One of the biggest changes on the software side is the use of power debugging. This is not something for power users, although they might use the tools, but rather debuggers that have hooks into the power utilization monitors.
For example, IAR Systems’ power debugger (Fig. 1) allows developers to locate program “hot spots” (see “Power Debugger Finds Hot Spots” at electronicdesign.com). It normally works with a single current-sensing input that provides overall system power use. Developers can match the power usage to a particular line of code, although this is based on a combination of factors including the state of peripherals. Still, the feedback is usually useful in determining how power is utilized.
The power information is just one more piece of data that can be used for breakpoints and tracing. Breakpoints can check if power usage is higher or lower than a specified limit. Typically, a trace provides a power utilization graph. The trace is often used to apply a threshold value so the programmer can see what code was active during high-energy usage. This approach can be used to see the results of changes in power modes and other power reduction techniques.
Testing real hardware is not the only way to check out power utilization. It can be done using virtual hardware as well such as the Synopsys Virtualizer Development Kit (VDK). It allows power estimation based on a virtual machine implementation (Fig. 2) so developers can see how a system will react before the hardware is available (see “Kit Generates Virtual Platforms With Power Debugging Support” at electronicdesign.com). The same type of experimentation can be performed with the virtual hardware so power-efficient software is ready when the hardware becomes available.

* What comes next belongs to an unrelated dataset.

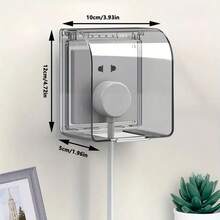 1个防水插座盖，翻盖设计，使用方便，保护家人用电安全，防止水漏进插座造成危害，还能防止手指意外进入插座 - 彩色 - 查看 3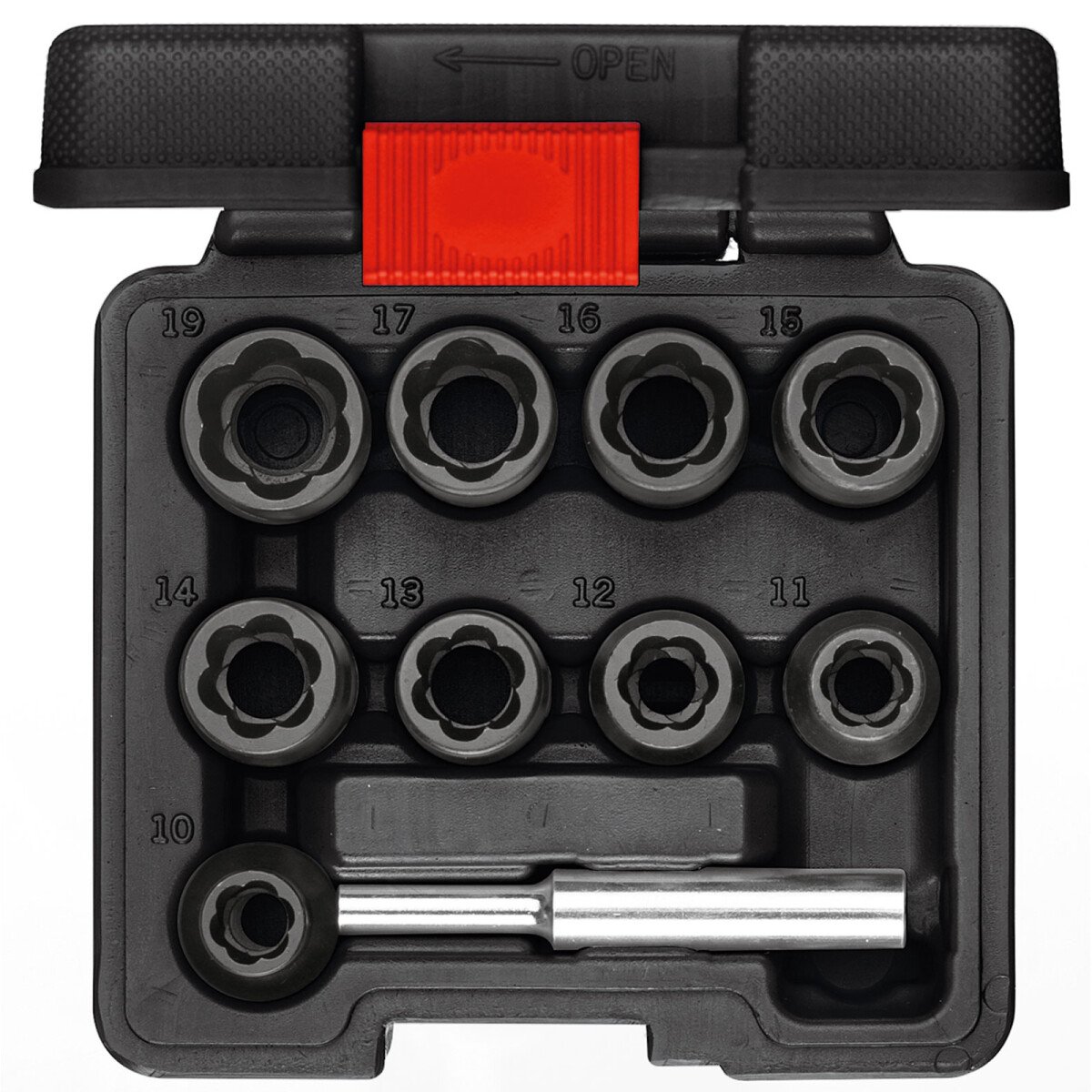 Gedore RED 3300034 1/2" Drive Extractor Set  10 Piece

One way to determine whether hardware can provide the power optimizations necessary for an application is to use power-based benchmarks. The Embedded Microprocessor Benchmark Consortium (EEMBC) has delivered a wide range of benchmarks like CoreMark. EEMBC also has one for ultra-low-power microcontrollers and processors (see “Interview: Markus Levy Discusses The EEMBC Ultra Low Power Benchmark” at electronicdesign.com). The EEMBC ULPBench (Ultra Low Power Benchmark) is a series of tests (Fig. 3).
Benchmarks can be useful in determining whether a particular platform can provide the kind of power reduction techniques needed for an application. It also can be used to determine if a particular platform is more or less efficient than an existing application platform implementation.
Run Modes And Clocks
Back in the dark ages, developers generally were limited to choosing a clock frequency to adjust the amount of power consumed by the system. Power consumption was less of an issue given the limited number of mobile devices in play. These days, developers operate at the opposite extreme with multiple ways of reducing power consumption. Applications and operating systems can twiddle with operating voltages and clock frequencies.
Developers often have the choice of clock and power sources as well, adding more complexity to the mix. For example, very low-power, on-chip clocks are often available on microcontrollers, but their accuracy may be limited compared to off-chip crystals.
Systems are also partitioned, allowing the use of clock gating and power isolation in multiple regions. Many newer systems employ a large number of regions providing very fine grain control. Managing all these features can be a challenge to developers who are just trying to get a job done.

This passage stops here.